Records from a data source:
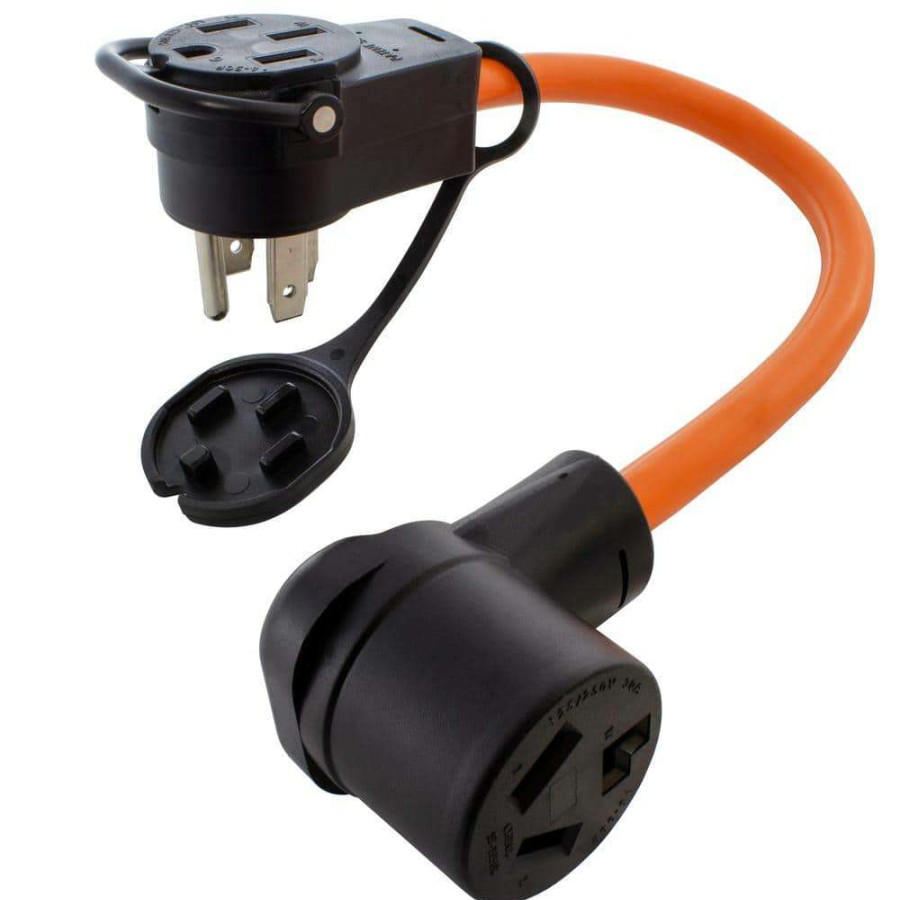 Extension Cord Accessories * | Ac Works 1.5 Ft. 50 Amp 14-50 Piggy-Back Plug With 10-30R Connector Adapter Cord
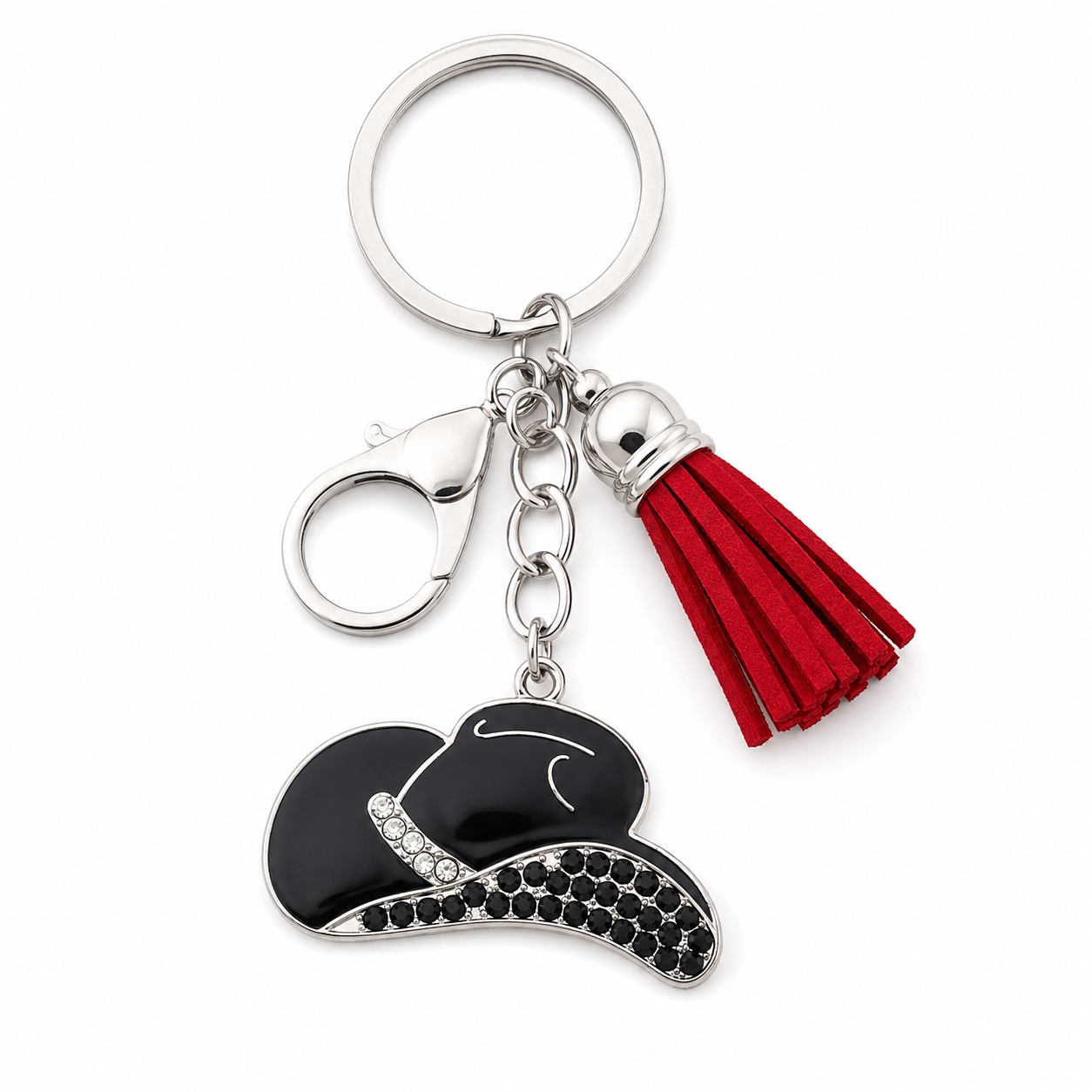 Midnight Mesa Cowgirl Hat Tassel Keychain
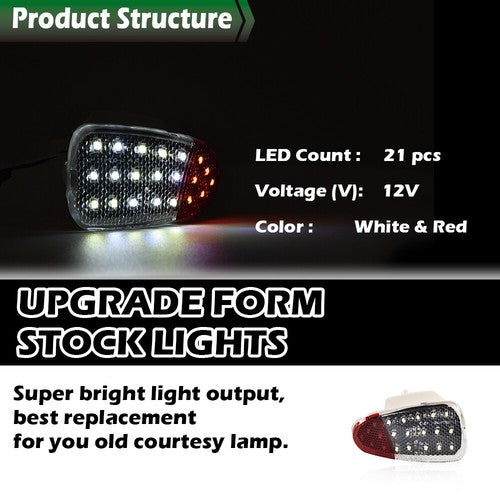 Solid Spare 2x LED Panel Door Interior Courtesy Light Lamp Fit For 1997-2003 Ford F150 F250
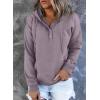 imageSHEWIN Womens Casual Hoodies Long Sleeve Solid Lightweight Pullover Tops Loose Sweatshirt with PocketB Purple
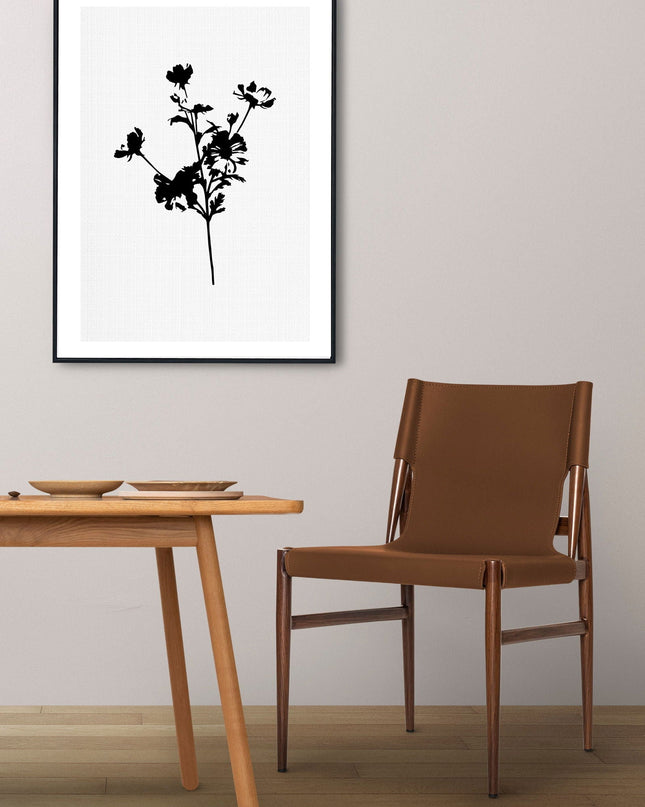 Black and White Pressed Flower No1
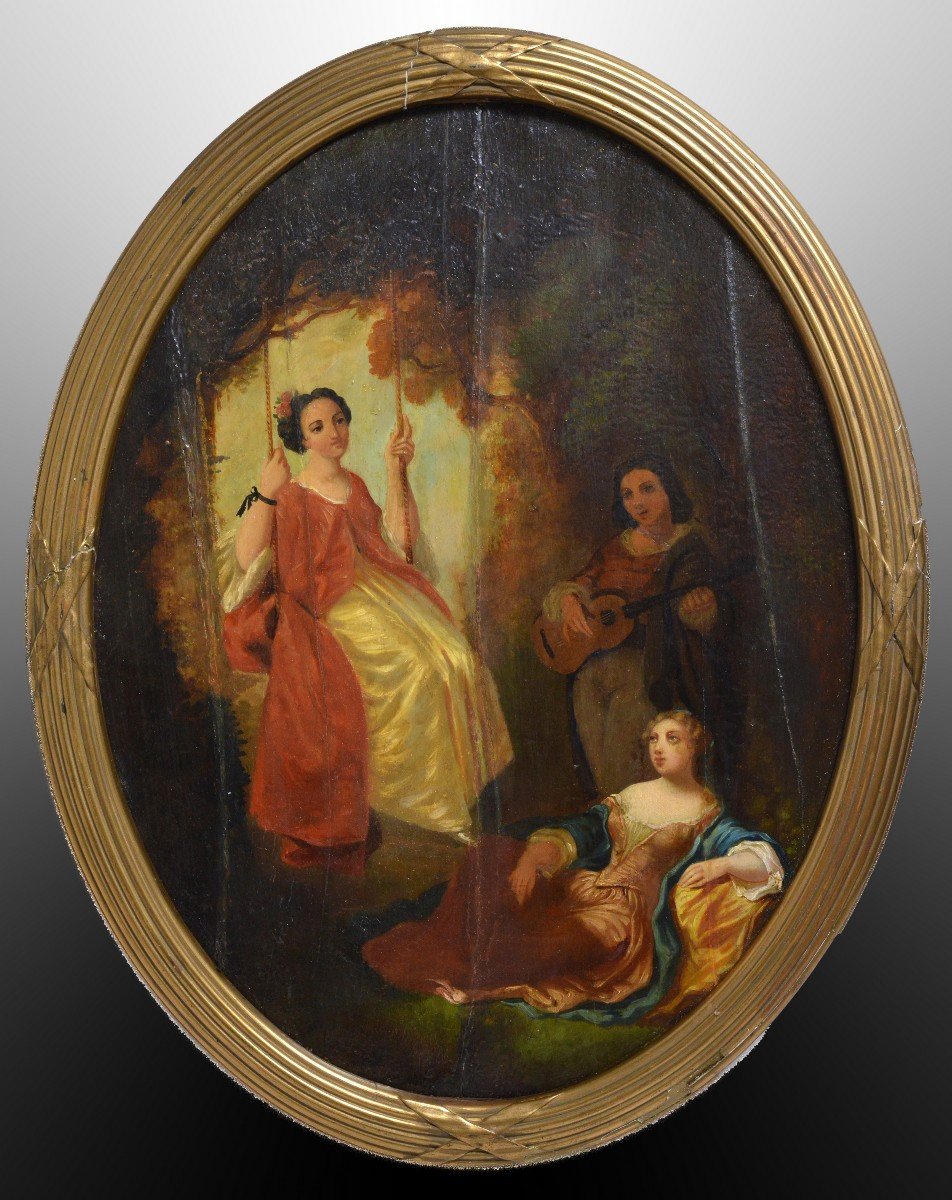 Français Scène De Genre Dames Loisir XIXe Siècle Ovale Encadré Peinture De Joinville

• Task:
All of the data above needs to be retyped exactly, with the pictures removed.

• Task solution:
 Extension Cord Accessories * | Ac Works 1.5 Ft. 50 Amp 14-50 Piggy-Back Plug With 10-30R Connector Adapter Cord
 Midnight Mesa Cowgirl Hat Tassel Keychain
 Solid Spare 2x LED Panel Door Interior Courtesy Light Lamp Fit For 1997-2003 Ford F150 F250
 imageSHEWIN Womens Casual Hoodies Long Sleeve Solid Lightweight Pullover Tops Loose Sweatshirt with PocketB Purple
 Black and White Pressed Flower No1
 Français Scène De Genre Dames Loisir XIXe Siècle Ovale Encadré Peinture De Joinville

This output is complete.